L'avocat de Roman Polanski ainsi que les ambassadeurs américain, français et polonais ont été informés de la décision des autorités suisses, a indiqué Mme Widmer-Schlumpf.


Joie doublée d'amertume chez ses amis polonais

La décision de la Suisse de refuser l'extradition du cinéaste franco-polonais Roman Polanski vers les Etats-Unis et de lui rendre sa liberté a été accueillie lundi avec une joie "doublée d'amertume" par ses amis polonais, contactés au téléphone par l'AFP.

"C'est une nouvelle très heureuse. Elle est toutefois doublée d'un sentiment d'amertume, si l'on songe aux dix mois de vie ôtés à Roman", a déclaré le réalisateur Jacek Bromski, président de l'Association des cinéastes polonais.
"Sa détention était illégitime dès le début, tout le monde le savait, et pourtant on laissait jusqu'ici des magistrats de bas niveau décider du sort de cet homme", a-t-il ajouté.

"Quelle bonne nouvelle. Je vais tout de suite l'appeler", s'est écrié l'acteur franco-polonais Andrzej Seweryn, sociétaire de la Comédie Française.
"Je suis très content pour lui. Il pourra enfin retrouver ses enfants, sa famille à Paris", a déclaré l'acteur.

"Nous nous sommes vus la dernière fois à Paris. Il est venu à la Comédie Française avec ses enfants pour voir 'Les Précieuses ridicules' de Molière. Ils ont adoré", a dit M. Seweryn, qui joue dans la pièce.
Selon Andrzej Serdiukow, coproducteur polonais du Pianiste de Roman Polanski couronné par un Oscar, "c'est une grande joie pour tous les amis de Roman, surtout qu'il était vraiment en mauvaise condition morale ces derniers temps".
"Cet isolement le tuait.
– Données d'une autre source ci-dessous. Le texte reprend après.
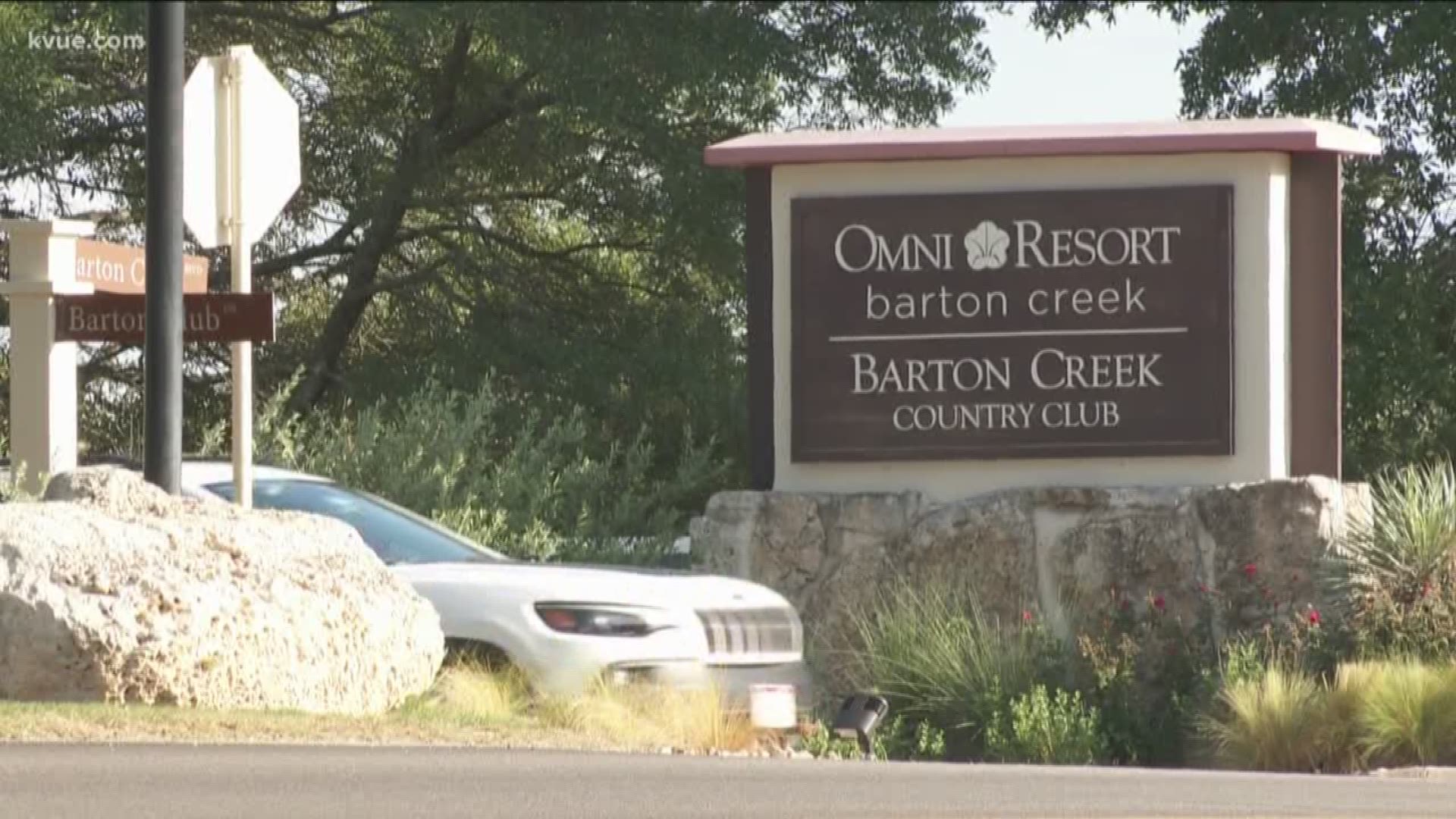 An Austin woman is suing Omni Hotels, claiming she was let go because she was pregnant.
Mais il s'en remettra très vite, c'est quelqu'un de perpétuellement jeune qui regarde toujours vers l'avenir, et non vers le passé", a-t-il déclaré à l'AFP

"Je viens d'en parler avec notre ami commun, le réalisateur Jerzy Skolimowski. Il est ravi comme moi et on boira certainement ce soir ensemble à la santé de Roman", a-t-il ajouté.
Au cours d'une conférence de presse à Berne, la ministre suisse de la Justice Eveline Widmer-Schlumpf a annoncé que Roman Polanski ne serait "pas extradé vers les Etats-Unis".
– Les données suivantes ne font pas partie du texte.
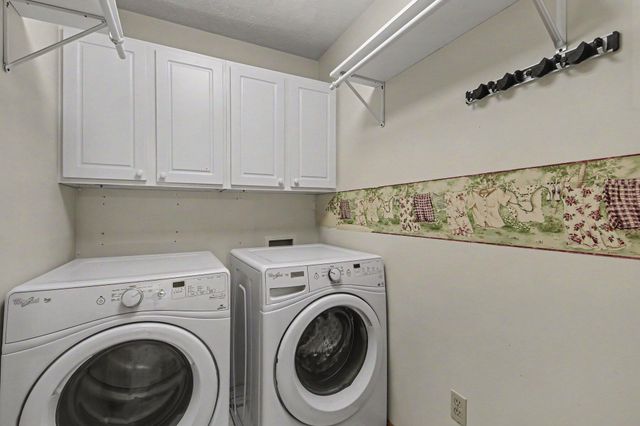 4533 Fruit Ridge Avenue NW, Grand Rapids, MI 49544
Le bracelet électronique que portait le réalisateur depuis son assignation à résidence en décembre 2009 dans son chalet de la station huppée de Gstaad lui a été enlevé lundi à midi, a précisé la ministre.
Le cinéaste, aujourd'hui âgé de 76 ans, est poursuivi aux Etats-Unis pour avoir eu en 1977 des relations sexuelles avec une mineure âgée de 13 ans.